As part of the deal, co-founder and executive chairman Sachin Bansal has announced to exit completely, selling his 5.55 percent stake. Flipkart’s existing shareholders China’s Tencent Holdings, and US-based Tiger Global Management, are making a partial exit, retaining small stakes. South Africa-based Naspers Ltd and Microsoft Corp will also keep small holdings in the new company.
Sources indicate that these investors likely have the option of selling their stake to the Bentonville-based retailer at a later date at the same valuation at which Walmart bought a majority stake in Flipkart. SoftBank, which owns 20.8 percent stake in the company will exit completely. Headed by Masayoshi Son, the Japanese company will make a neat profit by selling its stake in Flipkart, with its investment of US$ 2.5 billion set to fetch about US$ 4 billion, a gain of 60 percent.

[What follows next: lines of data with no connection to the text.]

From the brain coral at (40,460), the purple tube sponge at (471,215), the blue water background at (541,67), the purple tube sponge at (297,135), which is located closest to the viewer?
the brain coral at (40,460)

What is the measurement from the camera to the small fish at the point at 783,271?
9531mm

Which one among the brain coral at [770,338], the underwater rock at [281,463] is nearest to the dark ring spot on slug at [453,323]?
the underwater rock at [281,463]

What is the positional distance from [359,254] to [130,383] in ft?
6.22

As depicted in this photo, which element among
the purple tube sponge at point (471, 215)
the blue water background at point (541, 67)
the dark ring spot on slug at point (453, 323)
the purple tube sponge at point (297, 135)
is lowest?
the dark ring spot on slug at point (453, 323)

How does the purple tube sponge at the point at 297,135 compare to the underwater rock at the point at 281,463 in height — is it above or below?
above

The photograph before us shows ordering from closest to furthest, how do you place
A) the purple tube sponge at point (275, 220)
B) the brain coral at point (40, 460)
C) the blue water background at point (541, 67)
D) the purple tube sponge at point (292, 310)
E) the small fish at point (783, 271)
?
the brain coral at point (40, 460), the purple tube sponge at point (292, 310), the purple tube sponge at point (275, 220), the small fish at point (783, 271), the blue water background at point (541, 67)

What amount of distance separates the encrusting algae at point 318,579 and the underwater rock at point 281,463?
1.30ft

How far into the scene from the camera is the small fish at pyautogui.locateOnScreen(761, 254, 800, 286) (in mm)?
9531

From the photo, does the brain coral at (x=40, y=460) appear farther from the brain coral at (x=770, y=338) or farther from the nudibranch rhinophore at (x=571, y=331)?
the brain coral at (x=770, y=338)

Tencent Holdings and Tiger Global Management will continue their representation on the board. Flipkart will be listed on Indian stock exchanges in the subsequent years, as a fully-owned Walmart subsidiary, a corporate strategy similar to what it has adopted in Mexico.
Walmart India and Flipkart will continue to maintain distinct brands after the deal. New investors can pick stake in Flipkart in a fresh round. While it could bring down Walmart’s holding slightly, the American giant will continue to retain a significant majority holding.
Walmart is likely to use a mix of fresh debt and cash to finance the deal. After the deal’s closure, Flipkart’s financials will be reported as part of Walmart International.